**PROBLEM**
Before you reproduce the entries that follow, strip out any image they contain and keep the rest exact.

── RECORDS FOR THIS EXERCISE

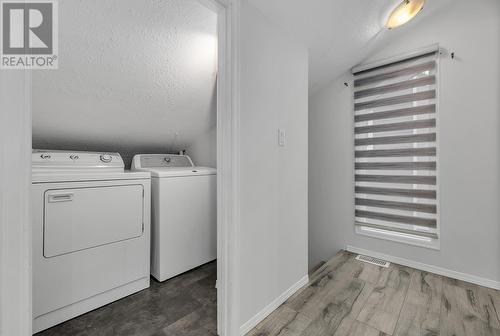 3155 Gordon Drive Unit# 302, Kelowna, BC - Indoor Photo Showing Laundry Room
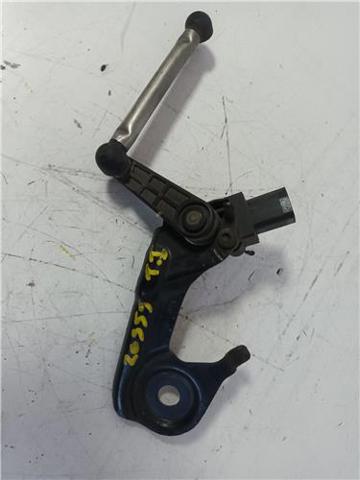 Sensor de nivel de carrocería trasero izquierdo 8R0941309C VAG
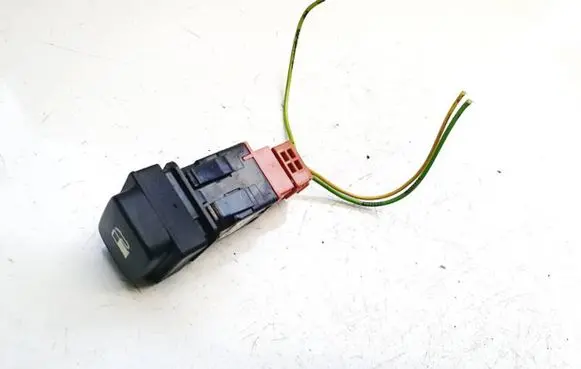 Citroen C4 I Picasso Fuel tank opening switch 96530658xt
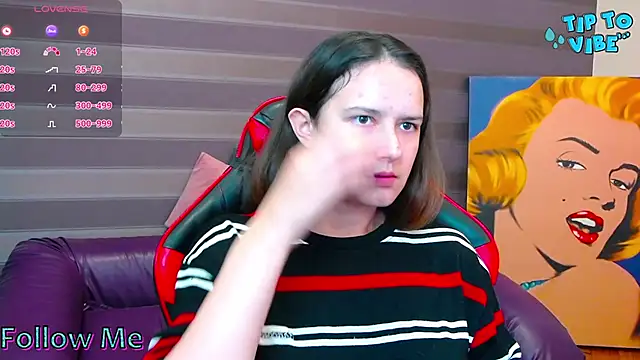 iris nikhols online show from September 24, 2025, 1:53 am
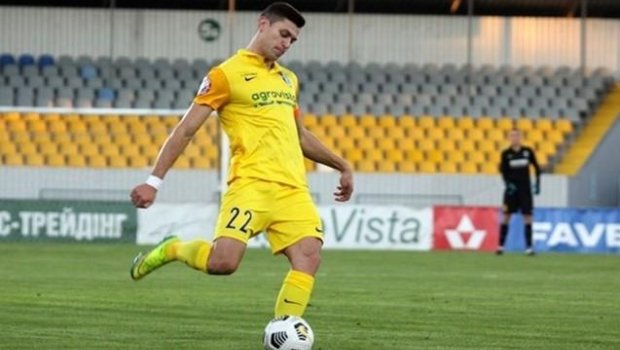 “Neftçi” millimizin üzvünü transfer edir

────

**REPLY**
 3155 Gordon Drive Unit# 302, Kelowna, BC - Indoor Photo Showing Laundry Room
 Sensor de nivel de carrocería trasero izquierdo 8R0941309C VAG
 Citroen C4 I Picasso Fuel tank opening switch 96530658xt
 iris nikhols online show from September 24, 2025, 1:53 am
 “Neftçi” millimizin üzvünü transfer edir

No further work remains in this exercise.